I personally prefer Swift’s approach of warning instead of a hard error, given that iterating on code becomes more fiddly if you need to keep putting/removing
_(speaking from first-hand experience with Go).However, the point you’ve quoted here is talking about something slightly different. It’s saying that using the same shorthand for discarding ordinary and discarding errors is itself error-prone. Discarding errors should require noisier syntax (in lint form), because an error being discarded is likely to carry higher risk than a success value being discarded.
Perhaps a good idea for a IronBeetle episode? I’m slowly working my way through the list; maybe you’ve already covered this in one of them. 😄
I omitted this because:
Since this point is primarily about performance, it doesn’t make sense for me to speculate about designs without having concrete measurements. Performing any kind of realistic measurement would likely be a fair amount of work.
I didn’t realize it was an “unsolved problem” but rather my working assumption was that “for ABI, the small number of people working on it pretty much know what all their options are, so it doesn’t make sense for me to tell them that”. For example, if you only care about 64-bit machines, perhaps you’re fine with burning a register on errors specifically (like Swift). For larger errors, you could reuse the same register as an out-parameter (as described in mcyoung’s post linked by Jamie).

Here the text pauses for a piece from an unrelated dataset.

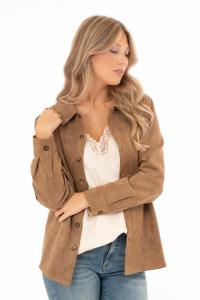 Skjorta i fuskmocka, Cognac, Rae Suede - Capri Collection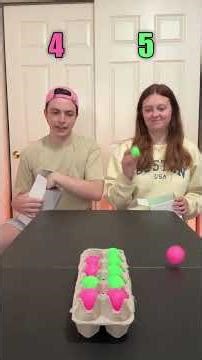 LOSER BUYS DINNER! Egg Carton Ball Bounce DIY Game Challenge!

Good idea! I’ll do an error management episode this Thursday then!
And yet no mention of algebraic effects!
There is a ton of material here, and while I’m not finished, it seems very detailed and well thought out. It cites Joe Duffy’s post from a decade or so ago–if you’re a fan of that post, you’ll probably enjoy this one.

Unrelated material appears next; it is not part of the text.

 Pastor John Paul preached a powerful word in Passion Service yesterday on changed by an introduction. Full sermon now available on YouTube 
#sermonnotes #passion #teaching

To highlight one point: this article very clearly lays out the case that error handling is contextual, and whether a particular error is recoverable or not is almost never based on the error itself, but the full context the error happens in. For instance, it gives examples here where (at least in principle) you reading past the bounds of an array to be a recoverable error.
I don’t think the contextual nature of error handling is new to this piece (I’ve been thinking about it for years, and I suspect I didn’t come up with it on my own), but it’s very well stated.
this is stolen apennwar valor!
(edit to say: I am absolutely joking.)